Seasons of Planning – This quarter kicks off our “Seasons of Planning” initiative which more formally focuses our planning around key wealth topics each quarter. This quarter, we are focused on investment review and due diligence, while future quarters will cover topics such as estate, tax, insurance, asset protection, etc. We want to continue to deliberately add to our clients’ experience beyond investments, and our “Seasons of Planning” will do just that.
We are growing…AGAIN – We’re excited to announce three additions to our staff – Samantha Suhajda, Kristin Zeigler, and Zack Slappey. Kristin and Samantha join our client service team, and Zack will be our new dedicated portfolio manager. In addition, Jennifer Fazio who’s been with us since 2008 will transition to the Role of Admin Manager and Assistant to Jim Heard. Jennifer will continue to work with clients but also will support the management team, too. We hope you get the chance to meet or speak with them soon.
Client View/Client Portal – Accessing your accounts through our website isn’t new anymore, but you may be accessing this newsletter for the first time from the document vault in Client View, and that IS new. Feedback from clients has been VERY positive, and we will continue to expand our use of it in the future.
It was a very good quarter – the best in over a decade for the S&P 500. Challenges remain, and we all know what they are. No one’s celebrating, but it sure is nice to see one of these again. See the key market indexes below.
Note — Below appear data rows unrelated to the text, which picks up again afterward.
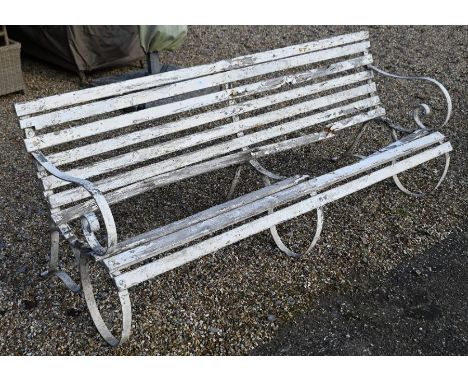 An old wrought steel and wooden slat garden bench for renovation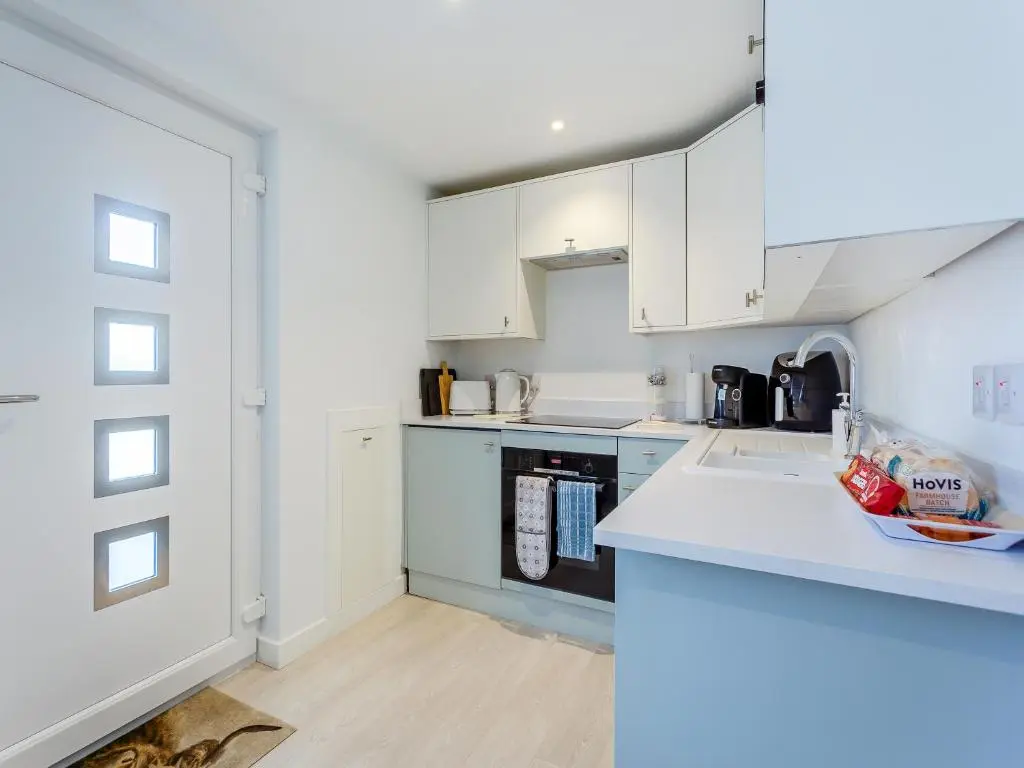 a kitchen with white cabinets and a counter top at Charlies Cottage in Inverness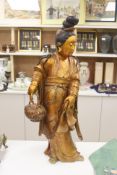 A large Chinese giltwood figure of a lady, height 59cm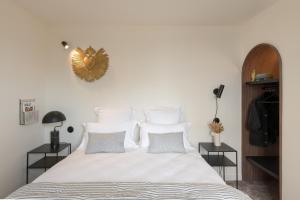 帕雷·勒·毛尼尔Hôtel Le Prieuré的卧室配有一张带白色床单和枕头的大床。
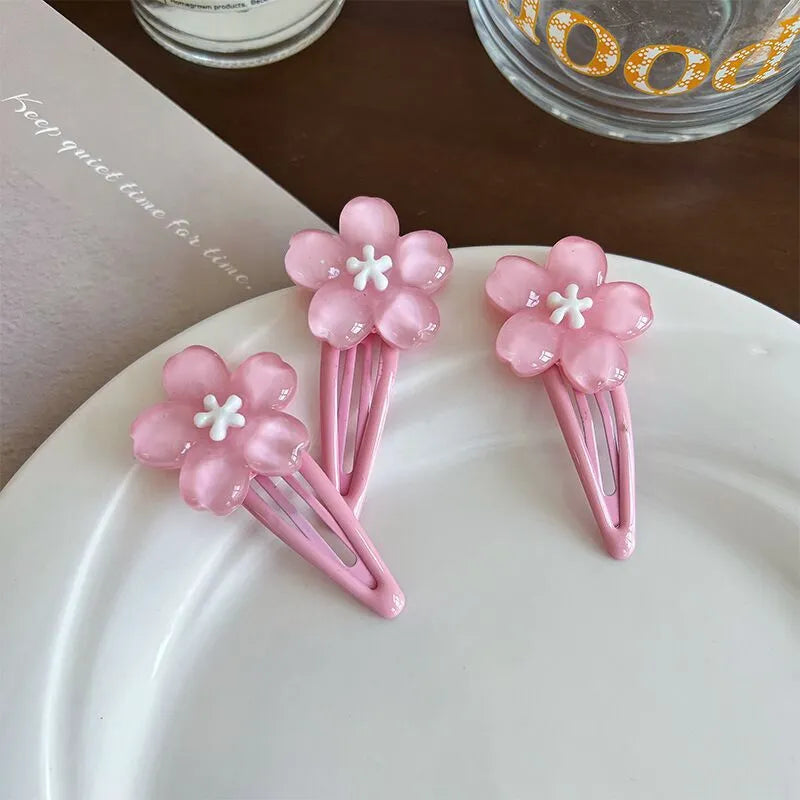 Handmade acrylic cherry blossom hair clip in pink floral design for women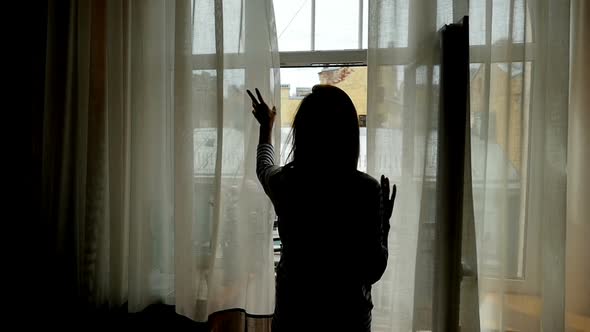 Rear View, Silhouette,  of Young Woman Opening Curtains on Window at Morning and Go Out to Balcony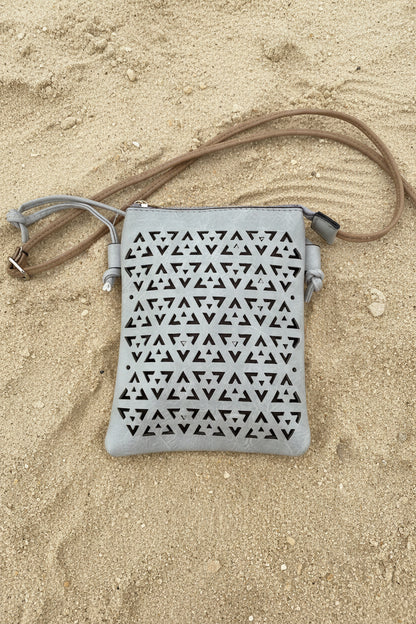 A light gray faux-leather shoulder bag with a geometric triangle cutout pattern, displayed on a bright pink background.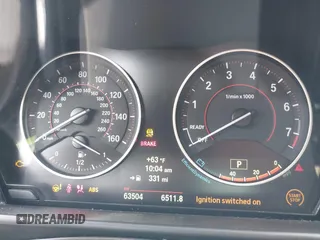 2015 BMW 2 Series M235i with VIN WBA1J7C55FV358964, listed as a IAAI auction lot 41674800 with 63,504 mi miles and . Bid and sale history available at carsss.com. Image 7.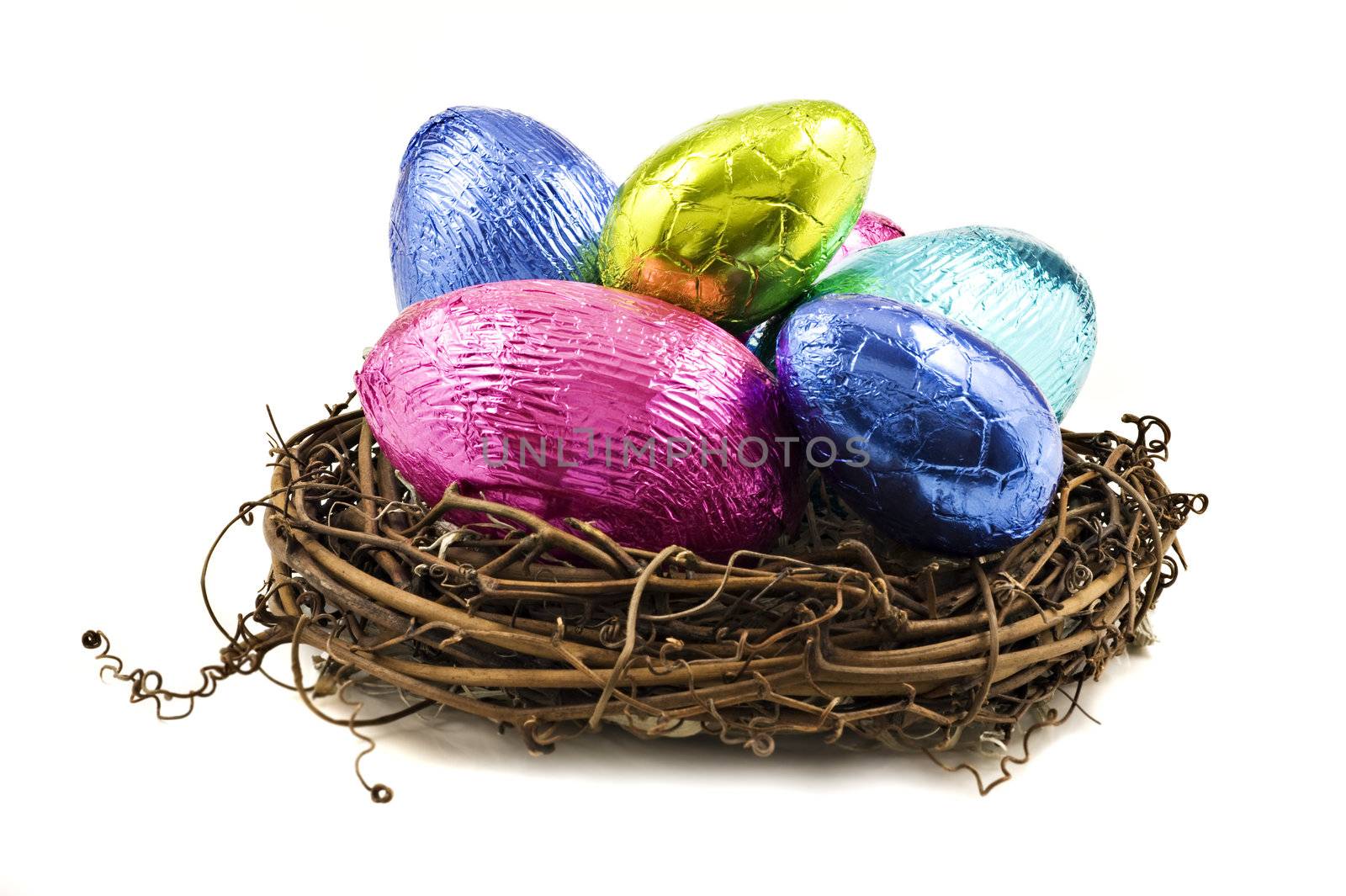 Colorful easter eggs in a nest on a white background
|Q1 2012||12 Months||Last 3 Years*|
|90-Day US Treasury (T-Bills)||0.02%||0.04%||0.11%|
|BarCap Interm US Govt/Cr (Bonds)||.61%||6.09%||5.88%|
|S&P 500 (US Large Cap)||12.59%||8.54%||23.42%|
|Russell 2000 (US Small Cap)||12.44%||-0.18%||26.90%|
|MSCI EAFE (International)||10.86%||-5.77%||17.13%|
|US REITS (Real Estate)||10.78%||9.59%||40.78%*annualized|
Two things stand out. Markets are up dramatically from 3 years ago. Second, Real Estate performance has been nothing short of unbelievable since 2009. Few investors thought equity markets would recover this well from the market bottom. Almost no one believed that real estate would even have positive returns for several years, much less the returns we’ve experienced. Many thought we were facing economic Armageddon in 2009, and just consider what’s happened since then.
Here’s the takeaway – Human emotion and current news do nothing to inform us about future market direction. Never have. Never will. What we know, what we think we know, what we feel, and everyone else’s knowledge, perceptions, and emotions, which we DON’T know, are already reflected in market prices. Future market changes are based on future events and information WHICH…are not known yet. That’s the nature of investment risk, and it’s exactly THAT for which you are paid over time.
The U.S. fiscal profligacy is terrible. A few billion of savings here or there do nothing in the face $1+ TRILLION of annual deficits. In 2000, total federal receipts were just over $2 trillion, and we had a budget SURPLUS of $250 billion. 2012 projected receipts are almost $2.5 trillion, and we’re projected to have a budget deficit of over $1,300 billion (yes, that translates into a deficit of $1.3 trillion).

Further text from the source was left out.